The John Murray Archive is arranged into eight series: the incoming correspondence; outgoing correspondence; author papers, the family papers; business papers; Charles Elliot papers; Smith, Elder and Company Archive; and the papers of Lord Byron. While the collection consists mainly of the works and personal correspondence of significant British writers, there are many items of importance that are products of, or related to, the United States such as the letters of Herman Melville, letters and manuscripts from Washington Irving, and papers and photographs from Isabella Lucy Bird, author of The Englishwoman in America. Over ten thousand articles from the collection are private letters to and from Lord Byron alone and, as such, he is by far the best-represented author in the Archive. The collection, however, is not only made up of the works of poets and writers, but also of archaeologists, politicians, travellers, chefs, and historians.
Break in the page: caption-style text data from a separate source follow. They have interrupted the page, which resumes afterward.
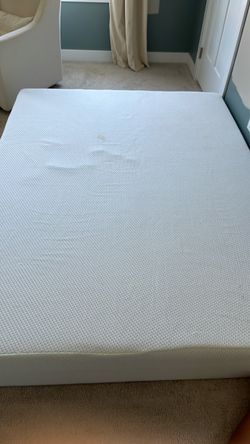 White Queen Foam Mattress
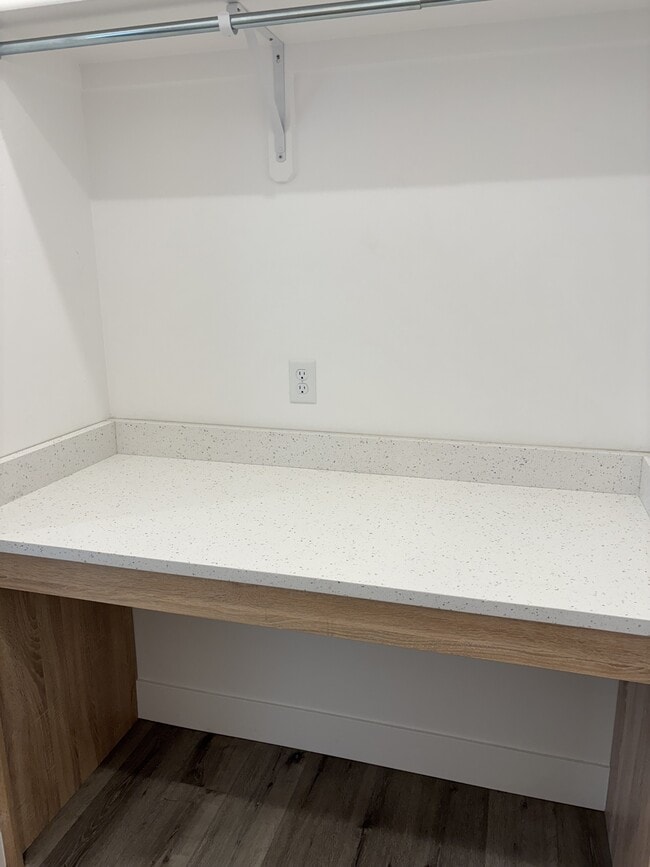 Building Photo - 187 Heaton Ln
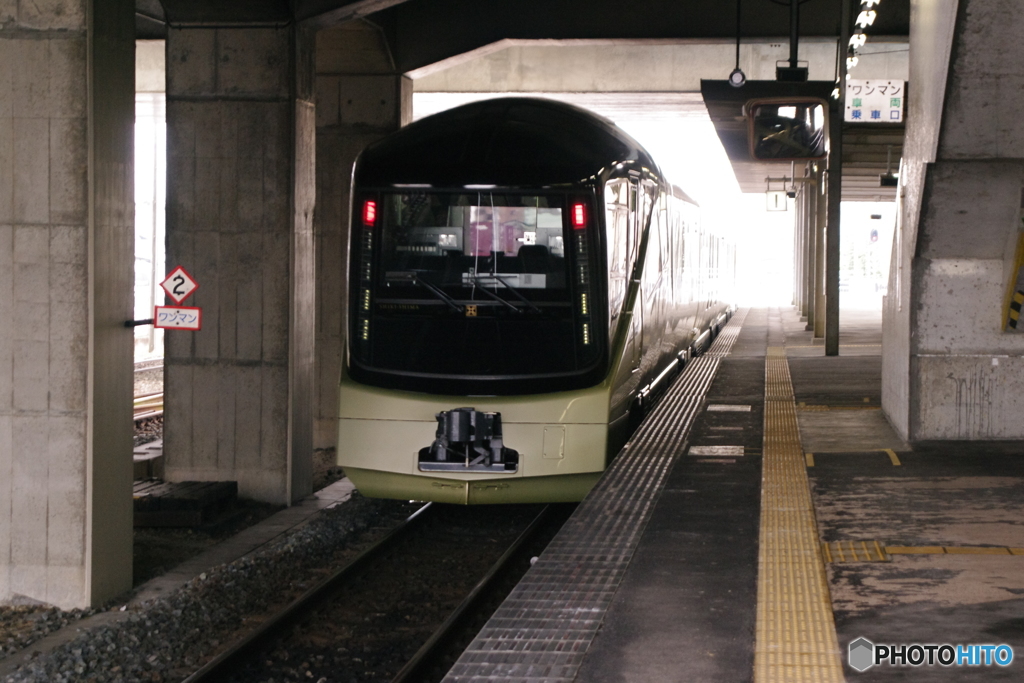 四季島通過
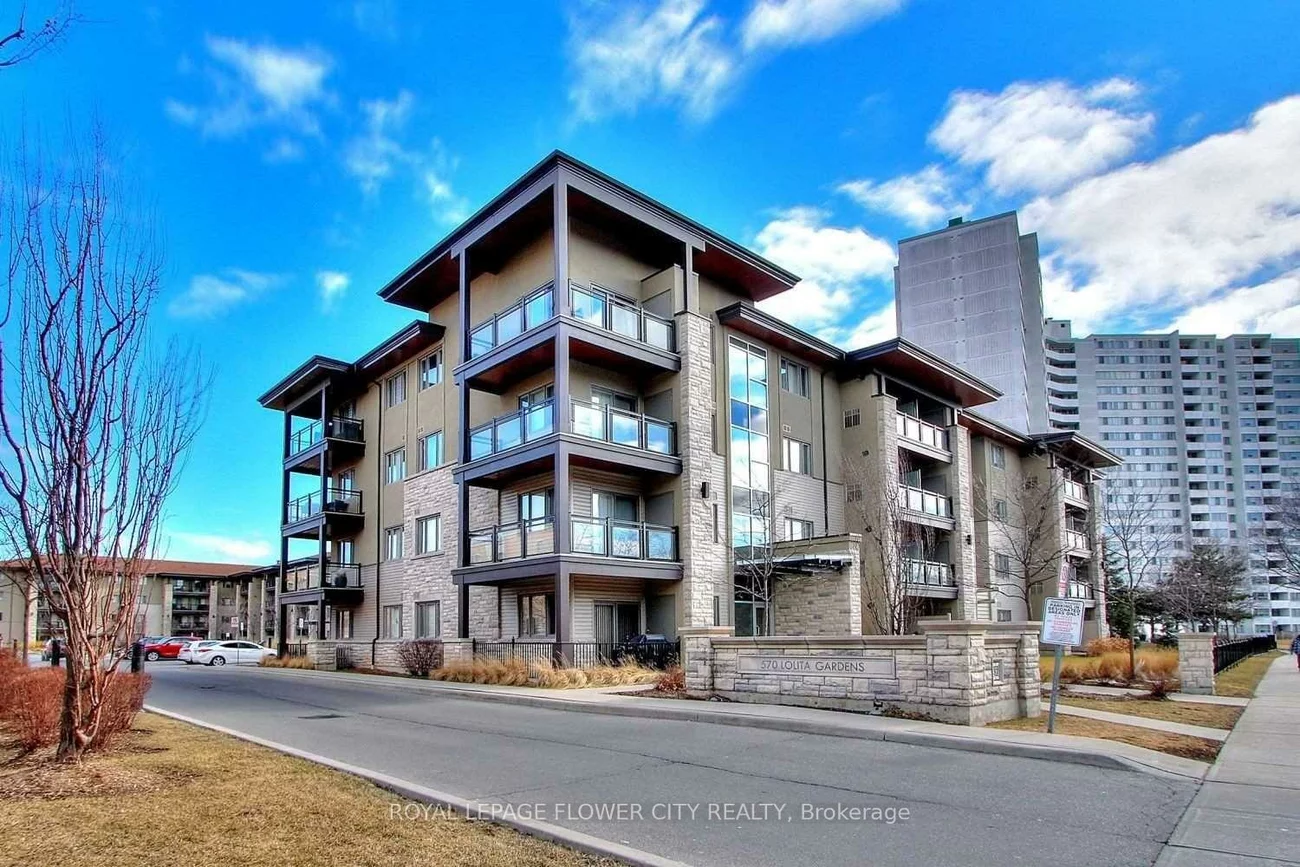 570, Lolita, Mississauga Valleys, Mississauga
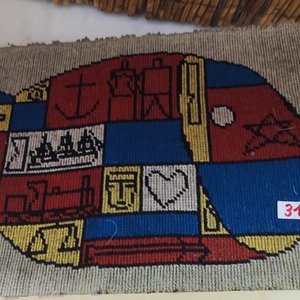 Lote siguiente: Cuadro Tejido Decorativo con Diseño de Peces y Símbolos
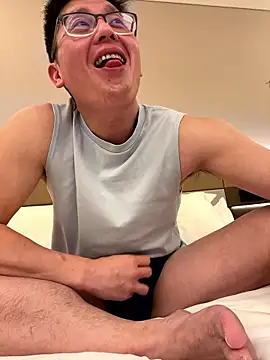 Snapshot of maxime0928 chatting on January 11, 4:47 pm maxime0928 online show from January 11, 4:47 pm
===Incoming and outgoing correspondence===
Both the incoming and outgoing correspondence series consist of letters addressed to and from John Murray publishing from the 18th century up until the 20th. Included in these letters are some of the details of the business, as well as a wealth of personal information.

===Author papers===
The author papers section of the archive contains material which relates to some of the most notable authors published by the House of Murray. Made up not only of letters but of photographs, manuscripts, drafts, and hand-written notes by well-known writers such as Charles Darwin, Jane Austen, Sir William Smith, David Livingstone, and Sir Walter Scott. The author papers include items which date back as far as 1743 and as recently as 1930.

===The family papers===
The family papers are abundant in letters sent to and from the Murrays' closest family and friends, as well as those to and from more distant relatives.

===Business papers===
The business papers in the Archive include all surviving legal and business materials related to the running of John Murray publishing. Included in these are letters which detail information to do with both the financial and administrative portion of the company. The material in this series is dated from 1763-1993.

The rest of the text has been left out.